UniProt Knowledgebase is the central hub for the collection of
functional information on proteins, with accurate, consistent, and rich
annotation. In addition to capturing the core data mandatory for each
UniProt entry (principally, the amino acid sequence, protein name or
description, taxonomic data and citation information), as much
annotation information as possible is added. This includes widely
accepted biological ontologies, classifications and cross-references,
and clear indications of the quality of annotation in the form of
evidence attribution of experimental and computational data.

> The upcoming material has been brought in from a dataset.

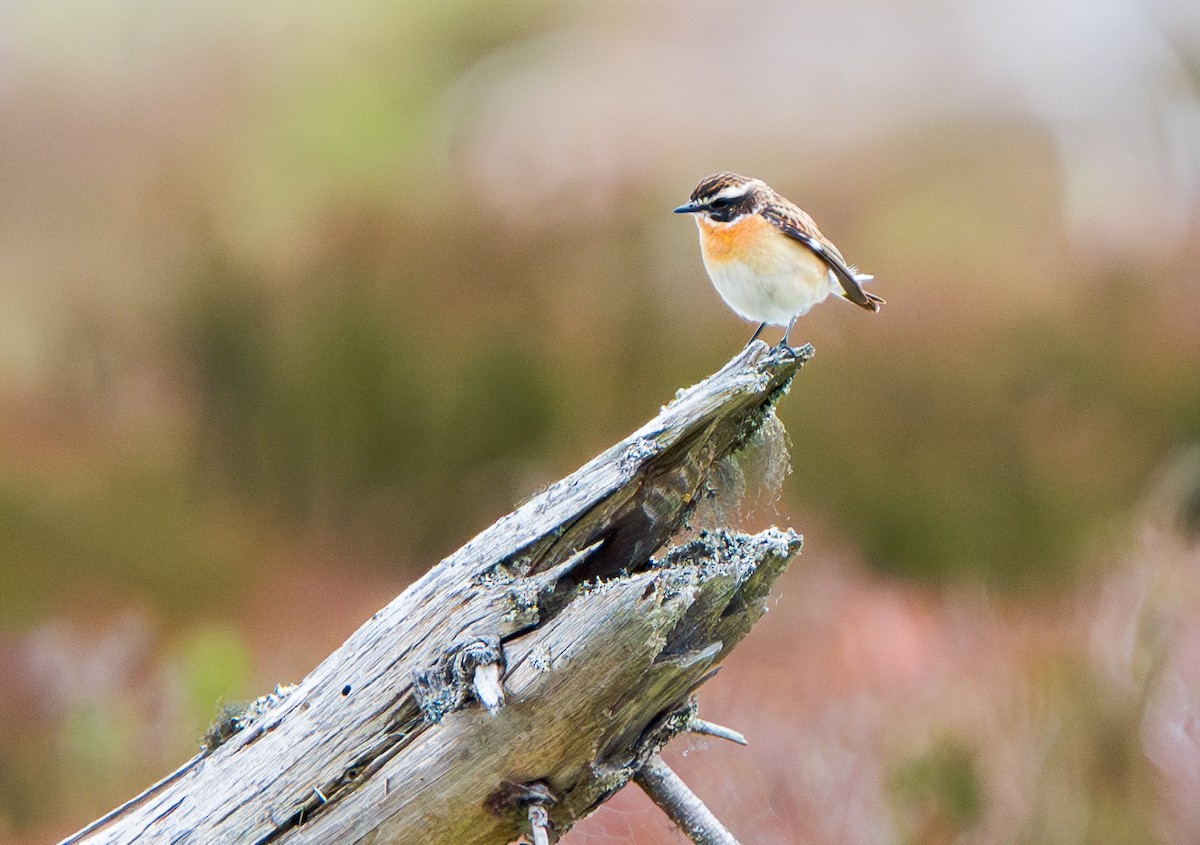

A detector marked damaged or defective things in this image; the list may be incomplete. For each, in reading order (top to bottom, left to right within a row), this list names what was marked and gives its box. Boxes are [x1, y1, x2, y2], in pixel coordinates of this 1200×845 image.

splintered wood [68, 340, 816, 840]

Created by merging the data in Swiss-Prot, TrEMBL and PIR-PSD, UniProt
Knowledgebase entries are annotated to an even greater level of detail
than that already achieved in the source databases.
The UniProt
Knowledgebase consists of two sections
- SwissProt section containis manually-annotated records with information extracted from literature and curator-evaluated computational analysi
- TrEMBL section contains computationally analyzed records that await full manual annotation.
The UniRef databases are derived from the UniProt and UniParc databases. UniRef aims to provide a nonredeundant sequence set, where identical or similiar sequences are merged into a cluster that is represeind in the database by just one sequence. Removing the redundancy allows faster and more informative sequence similarity searches. The merging has been perfomed in 100%, 90% and 50% identity level.
-
UniRef100 Nonredundant protein sequence set where merging has been perfomed in 100% identity level.
-
UniRef90 Nonredundant protein sequece set where merging has been perfomed in 90% identity level.
-
UniRef50 Nonredundant protein sequece set where merging has been perfomed in 50% identity level.